The FTC had not been winning to this point. Despite a judge ruling in favor of the FTC in 2019, Qualcomm had the ruling overturned in August 2020.
“Given the significant headwinds facing the commission in this matter, the FTC will not petition the Supreme Court to review the decision of the Court of Appeals for the Ninth Circuit in FTC v.
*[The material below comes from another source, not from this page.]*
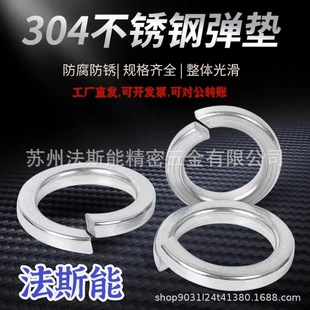 304���鏗�ɉ|Ƭ304���P�/���\�_�ڽ��ӏ��|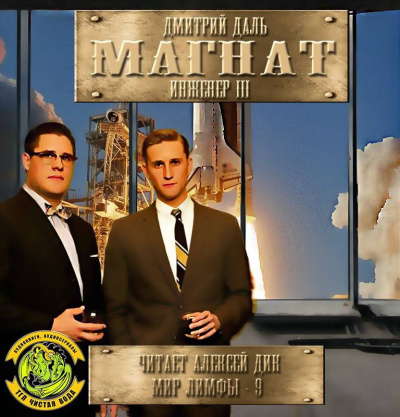 Слушать аудиокнигу Даль Дмитрий - Магнат (Инженер 3)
Qualcomm,” Acting Chairwoman Rebecca Kelly Slaughter said in a statement. “The FTC’s staff did an exceptional job presenting the case and I continue to believe that the district court’s conclusion that Qualcomm violated the antitrust laws was entirely correct and that the court of appeals erred in concluding otherwise.”
Now more than ever, she added, “the FTC and other law enforcement agencies need to boldly enforce the antitrust laws to guard against abusive behavior by dominant firms, including in high-technology markets and those that involve intellectual property. I am particularly concerned about the potential for anticompetitive or unfair behavior in the context of standard setting and the FTC will closely monitor conduct in this arena.”